This is an automated email from the ASF dual-hosted git repository.
jakevin pushed a commit to branch main
in repository https://gitbox.apache.org/repos/asf/arrow-datafusion.git
The following commit(s) were added to refs/heads/main by this push:
new 0f83079e33 refactor: move InlineTableScan into Analyzer. (#5683)

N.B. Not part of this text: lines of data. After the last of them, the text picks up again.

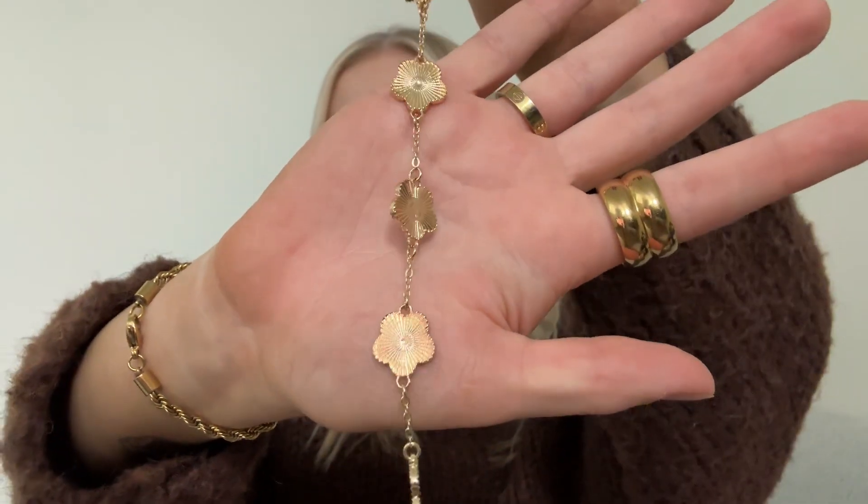Mixed metal little chunky hoops, very simple. They're a bit smaller than I thought — not very big, so I think I might put them in my seconds. But yeah, really cute. Next is another bracelet — I love this one too. It's like a little Van Cleef dupe. I wanted to get the all-gold one and Temu had it for like five dollars, so I got it and it's super pretty.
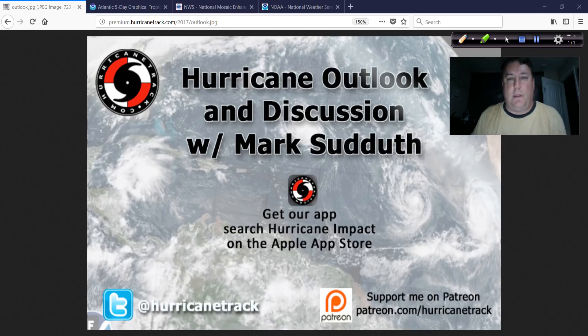Good morning, Mark from HurricaneTrack.com here for a hurricane outlook discussion from my office. No power — I have a nice LED flashlight providing some light, and that fan noise you hear is a power inverter connected to a big battery pack giving me power to the laptop, so I better make this quick.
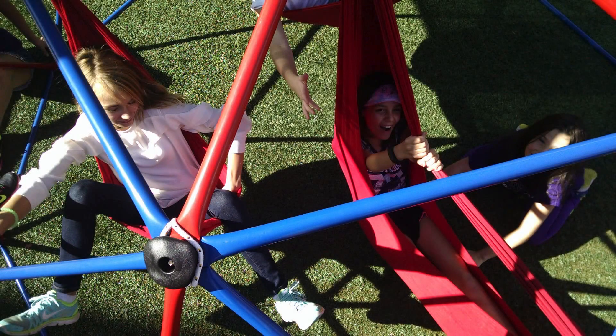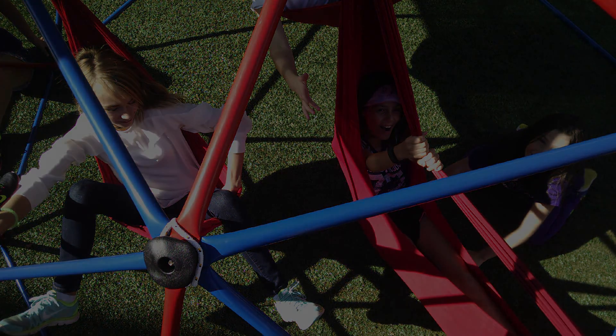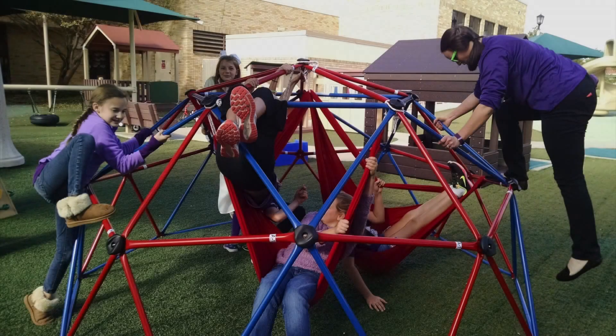The Lycra climbing structure is an innovative type of playground equipment designed for children with sensory processing disorder and other developmental disabilities. This idea utilizes a special type of fabric called Lycra, which is used in occupational therapy clinics around the country to help those children with difficulties to self-regulate, integrate primitive reflexes, and develop gross motor skills.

0f83079e33 is described below
commit 0f83079e33e3dc53ed1191c8fa284991d4e6531e
Author: jakevin <[email protected]>
AuthorDate: Fri Mar 24 10:51:31 2023 +0800
refactor: move InlineTableScan into Analyzer. (#5683)
---
.../optimizer/src/analyzer/count_wildcard_rule.rs | 7 +-
.../src/{ => analyzer}/inline_table_scan.rs | 147 +++++++++++++--------
datafusion/optimizer/src/analyzer/mod.rs | 8 +-
datafusion/optimizer/src/lib.rs | 1 -
datafusion/optimizer/src/optimizer.rs | 2 -
datafusion/optimizer/src/test/mod.rs | 16 +++
6 files changed, 117 insertions(+), 64 deletions(-)
diff --git a/datafusion/optimizer/src/analyzer/count_wildcard_rule.rs
b/datafusion/optimizer/src/analyzer/count_wildcard_rule.rs
index 4b4c603bcf..2772090e02 100644
--- a/datafusion/optimizer/src/analyzer/count_wildcard_rule.rs
+++ b/datafusion/optimizer/src/analyzer/count_wildcard_rule.rs
@@ -28,17 +28,12 @@ use crate::rewrite::TreeNodeRewritable;
/// Resolve issue: https://github.com/apache/arrow-datafusion/issues/5473.
pub struct CountWildcardRule {}
-impl Default for CountWildcardRule {
- fn default() -> Self {
- CountWildcardRule::new()
- }
-}
-
impl CountWildcardRule {
pub fn new() -> Self {
CountWildcardRule {}
}
}
+
impl AnalyzerRule for CountWildcardRule {
fn analyze(&self, plan: &LogicalPlan, _: &ConfigOptions) ->
Result<LogicalPlan> {
plan.clone().transform_down(&analyze_internal)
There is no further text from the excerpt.